22/02/2016 15:07:49 UTC
Ren - The Ed said :-
Bob - Is that so? I thought even with an FI engine the computer would need to pump more fuel in for a cold start? Even so, yes the FI is squirting juice in with quite some force as opposed to a carb which might lob some in if the engine can be arsed sucking hard enough.

As for the butterfly style choke - I can't say I've noticed. My Benly had a butterfly and that started just fine. It's certainly easier to understand as a novice. At first the plunger style looks like dark magic but like Ian says if you spend the time to work it out it actually opens a small "mini carb" through the side of the regular carb body.

As for the mirror extenders Ian I have to thank Stephen Latchford for mine. You might recognise that name from some of the restoration projects on here.
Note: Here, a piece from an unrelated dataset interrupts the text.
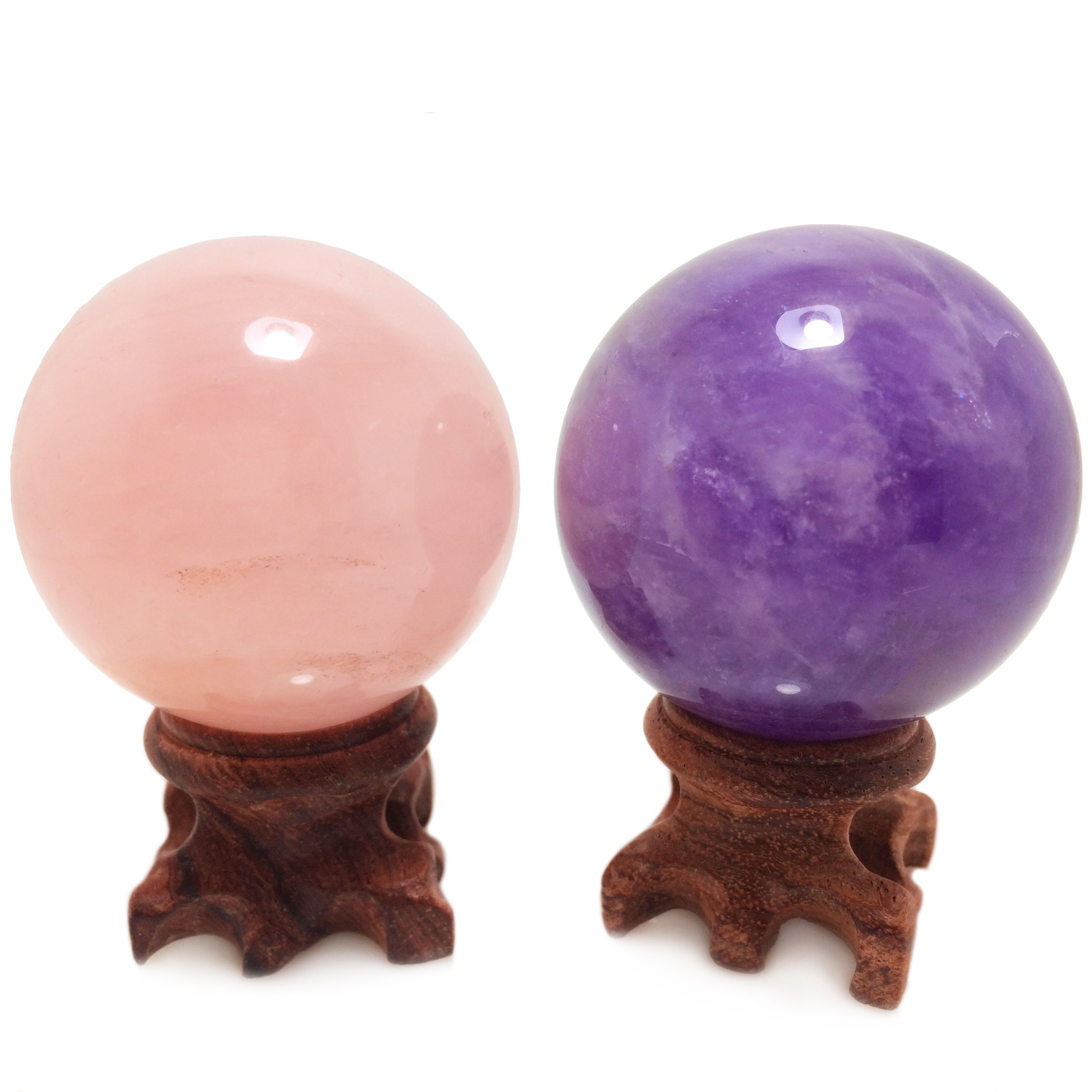 Set of 2 Crystal Balls, Rose Quartz and Amethyst Power Stone Spheres for Crystal Healing, Meditation, Feng Shui, Scrying, Decor, Hand-made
It makes me sick you folks that turn out nice, well made and well thought out bits of metal, not like my own bodges. Pffft! And that SLR 650 is far too clean.
22/02/2016 16:48:37 UTC
Bob said :-
You're right, FI systems do have a cold start routine where they shoot more fuel in from cold. My Versys would start up and tick over at ~2K for 30 or 40 seconds before settling down to normal. I had an early R1100GS which had FI and a manual choke! They called it a fast idle lever or something like that. It was needed.
I've had a few GS750s which had the butterfly chokes and they were shocking, whereas I've never had plunger choke bike that suffered cold start problems.
Was it the CD200? I had a metallic blue one, with the chrome trims on the side panels. It was 6V but had electric start (and kick), Me and SWMBO went everywhere on that bike.
25/02/2016 09:31:28 UTC
Ren - The Ed said :-
Hi Bob. The Benly was indeed the CD200. I despatched on it for quite a while until it finally nipped up its crank. It was a GREAT bike - cheap to run, reliable and with altogether shocking handling. I guess the worn out suspension never helped but the frame acted as a third hinge I'm sure. Mine was a later model with 12v electrics that did actually work.
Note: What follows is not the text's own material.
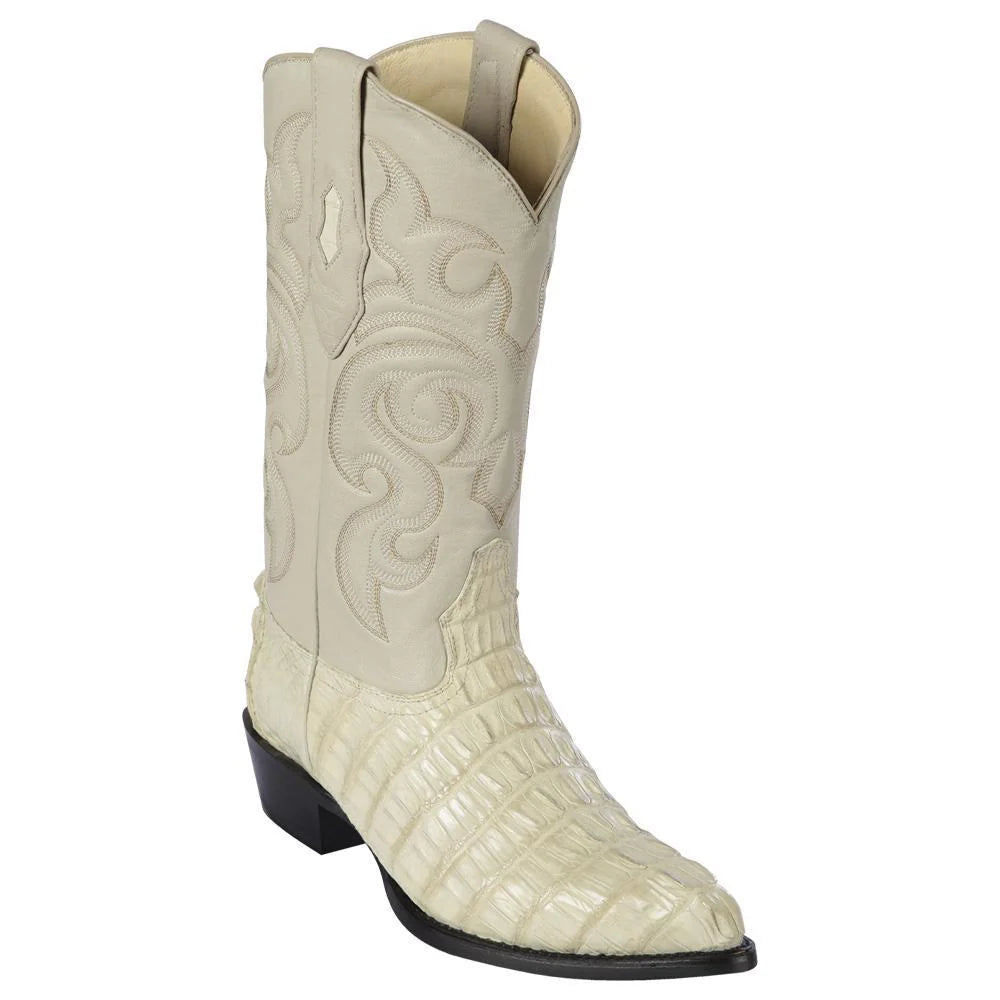 Los Altos 990104 Men's Winter White Genuine Caiman Tail J Toe Cowboy Boots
The CBF 125 with FI raises the tickover automatically for a short while. I suspect the computer monitors the oil temperature - that's the only temperature sensor on this simple system. When it reaches a certain value it will retard the idle to the normal value. As to whether or not the computer actually increases fuel mixture I have no way of knowing. I have always been told that this is the case but I cannot confirm this.
25/02/2016 17:21:52 UTC
Bob said :-
Well, I don't think the CBF has got fly by wire throttle control so the only way the FI could raise the tickover is by putting more fuel in.
26/02/2016 10:57:14 UTC
Ren - The Ed said :-
The CBF 125 is not fly by wire but it does have an idle circuit. Within this is a stepper motor controlled by the computer. This is called the "Air Idle Control Valve". It alters the amount of air allowed through the idle circuit and the computer can easily control the amount of fuel going in via the injector. As such the computer manages the tickover, there is not throttle stop screw.
26/02/2016 11:29:09 UTC
Bob said :-
Oh right, that's the same as my X Country.
I was interested to see that the Versys didn't have an AIC Valve but did have a throttle stop screw - it worked perfectly and it also did the fast idle on cold start thing.
Perhaps it is voodoo afterall?
26/02/2016 22:11:26 UTC
Ren - The Ed said :-
I suppose just pumping in a little more fuel would raise the tickover? No...no it's voodoo, it's wizardy and witchery, it's black magic and the dark arts. Fuel Injection systems are in league with the dark side and powered by trolls and orcs.
27/02/2016 07:35:37 UTC
Ian Soady said :-
On the other hand.....

It's so much easier to adjust the air/fuel ratio with a laptop, some free software and a cable than by mucking about with jests, slides & needles (much though I love the latter).
28/02/2016 10:29:24 UTC
Ren - The Ed said :-
Maybe that's the case with a trick powercommander but I don't think they do a powercommander for my little CBF 125. There's....there's probably not much call for them...

I do agree though, the notion of just plugging in and tweaking a few digital sliders is a hell of a lot simpler than guessing with jets and sliders.
28/02/2016 10:57:26 UTC
Ian Soady said :-
A quick google turned up this:

http://world.honda.com/motorcycle-technology/pgm-fi/p4.html

which looks quite interesting. Can't see any mention of an OBDII or similar connector so maybe not possible to tweak the settings easily.

It does say there are two kinds of map and that there is feedback from an O2 sensor so one thing that might have an interesting effect is to fit an O2 sensor eliminator (essentially just a resistor).

OTOH it will be quite easy to brick the ECU......
28/02/2016 14:28:30 UTC
Ren - The Ed said :-
Mine is obviously an earlier design as the ECU is separately mounted but otherwise most of this looks similar.

As for bricking the ECU...if it ain't broke I sure as hell ain't gonna try and fix it. I reckon you could only raise the power by 1 or 2 bhp. If I want more power I'll get a bigger bike!